Earlier this year, a U.S. Centers for Disease Control and Prevention panel ruled that all Americans should get the seasonal flu vaccine. “The CDC almost certainly will make universal flu vaccination official U.S. policy for this fall’s 2010-2011 flu season, as it consistently follows the advice of the panel of outside experts, called the Advisory Committee on Immunization Practices (ACIP),” noted a report on WebMD.
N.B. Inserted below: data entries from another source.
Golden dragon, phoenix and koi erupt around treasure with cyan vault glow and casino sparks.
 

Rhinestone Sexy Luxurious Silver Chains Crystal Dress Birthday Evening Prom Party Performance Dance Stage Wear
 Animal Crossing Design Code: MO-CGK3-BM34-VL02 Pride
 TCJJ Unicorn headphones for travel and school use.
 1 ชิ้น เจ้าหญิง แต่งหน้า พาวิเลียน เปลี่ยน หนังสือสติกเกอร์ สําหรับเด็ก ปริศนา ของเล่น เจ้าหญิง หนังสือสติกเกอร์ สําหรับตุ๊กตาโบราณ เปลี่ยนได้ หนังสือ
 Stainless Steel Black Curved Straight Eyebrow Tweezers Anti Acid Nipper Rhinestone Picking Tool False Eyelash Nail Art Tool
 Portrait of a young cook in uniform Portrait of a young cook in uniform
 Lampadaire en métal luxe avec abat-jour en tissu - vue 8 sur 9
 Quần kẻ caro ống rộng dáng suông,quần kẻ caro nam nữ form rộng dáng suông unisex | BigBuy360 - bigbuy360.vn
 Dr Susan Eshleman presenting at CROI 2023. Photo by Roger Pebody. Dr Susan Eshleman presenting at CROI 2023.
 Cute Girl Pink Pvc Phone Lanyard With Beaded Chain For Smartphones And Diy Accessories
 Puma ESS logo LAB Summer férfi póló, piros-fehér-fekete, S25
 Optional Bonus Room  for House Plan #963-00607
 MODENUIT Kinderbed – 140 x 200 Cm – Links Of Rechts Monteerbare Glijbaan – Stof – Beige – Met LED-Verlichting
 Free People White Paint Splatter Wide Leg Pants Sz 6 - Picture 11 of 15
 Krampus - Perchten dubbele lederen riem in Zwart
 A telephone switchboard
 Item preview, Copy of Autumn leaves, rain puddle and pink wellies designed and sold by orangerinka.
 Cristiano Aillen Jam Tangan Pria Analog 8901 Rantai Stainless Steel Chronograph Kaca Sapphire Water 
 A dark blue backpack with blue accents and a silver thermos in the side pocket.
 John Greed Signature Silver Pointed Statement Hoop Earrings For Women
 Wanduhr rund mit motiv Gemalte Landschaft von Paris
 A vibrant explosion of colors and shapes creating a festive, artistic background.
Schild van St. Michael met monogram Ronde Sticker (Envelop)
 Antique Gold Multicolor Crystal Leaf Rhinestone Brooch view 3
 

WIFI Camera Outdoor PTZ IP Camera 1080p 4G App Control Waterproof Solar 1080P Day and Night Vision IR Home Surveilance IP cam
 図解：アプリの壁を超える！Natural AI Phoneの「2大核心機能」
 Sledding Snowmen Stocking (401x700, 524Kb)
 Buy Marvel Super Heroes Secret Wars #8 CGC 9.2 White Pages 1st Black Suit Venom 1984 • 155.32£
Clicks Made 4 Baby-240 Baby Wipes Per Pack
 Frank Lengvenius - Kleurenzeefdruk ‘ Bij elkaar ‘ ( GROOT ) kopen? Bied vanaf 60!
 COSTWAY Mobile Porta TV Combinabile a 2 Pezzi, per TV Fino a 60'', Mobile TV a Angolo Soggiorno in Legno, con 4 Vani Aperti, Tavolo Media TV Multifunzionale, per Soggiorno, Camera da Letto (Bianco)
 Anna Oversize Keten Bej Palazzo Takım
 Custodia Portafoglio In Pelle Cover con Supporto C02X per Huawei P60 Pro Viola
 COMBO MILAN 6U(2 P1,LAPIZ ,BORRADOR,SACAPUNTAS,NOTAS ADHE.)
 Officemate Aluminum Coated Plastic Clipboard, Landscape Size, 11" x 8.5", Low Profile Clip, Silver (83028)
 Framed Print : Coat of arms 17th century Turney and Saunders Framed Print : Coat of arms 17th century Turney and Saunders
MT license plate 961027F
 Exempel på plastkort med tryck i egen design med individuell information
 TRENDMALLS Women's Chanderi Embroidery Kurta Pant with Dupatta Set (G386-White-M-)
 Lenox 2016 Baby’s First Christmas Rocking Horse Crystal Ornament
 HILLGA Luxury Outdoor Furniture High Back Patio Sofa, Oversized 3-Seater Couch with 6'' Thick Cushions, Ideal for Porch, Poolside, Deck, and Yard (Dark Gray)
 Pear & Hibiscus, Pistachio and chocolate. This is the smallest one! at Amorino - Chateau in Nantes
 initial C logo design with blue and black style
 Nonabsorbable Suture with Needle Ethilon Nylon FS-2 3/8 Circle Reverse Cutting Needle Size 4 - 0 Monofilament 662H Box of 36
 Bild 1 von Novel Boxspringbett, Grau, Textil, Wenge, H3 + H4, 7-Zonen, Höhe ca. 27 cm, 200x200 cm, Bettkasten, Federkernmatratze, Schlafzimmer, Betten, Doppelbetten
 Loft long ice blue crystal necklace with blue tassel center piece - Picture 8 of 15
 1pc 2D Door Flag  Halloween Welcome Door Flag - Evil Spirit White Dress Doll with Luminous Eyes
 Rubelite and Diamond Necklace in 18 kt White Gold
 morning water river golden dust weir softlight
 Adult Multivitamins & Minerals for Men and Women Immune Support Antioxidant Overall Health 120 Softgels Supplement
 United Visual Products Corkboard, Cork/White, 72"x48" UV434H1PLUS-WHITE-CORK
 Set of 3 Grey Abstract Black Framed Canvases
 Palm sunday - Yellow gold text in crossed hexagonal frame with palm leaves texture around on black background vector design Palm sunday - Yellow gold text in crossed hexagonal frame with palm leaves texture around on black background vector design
But some health experts and constitutional scholars are attacking the idea, saying that even if it were a good idea, the federal government does not have any business in medicine in the first place. The recent swine-flu fiasco proved this point well.
Governments squandering billions of dollars on unwanted vaccines illustrates beautifully why the market should be responsible for determining supply, not bureaucrats. Not only does the federal government lack the constitutional authority to purchase or encourage inoculations (let alone shield manufactures from liability), it doesn’t have the resources to do so. With more than $13 trillion in U.S. government debt already, consumers should decide whether or not to purchase vaccines — not “experts” in unconstitutional federal agencies.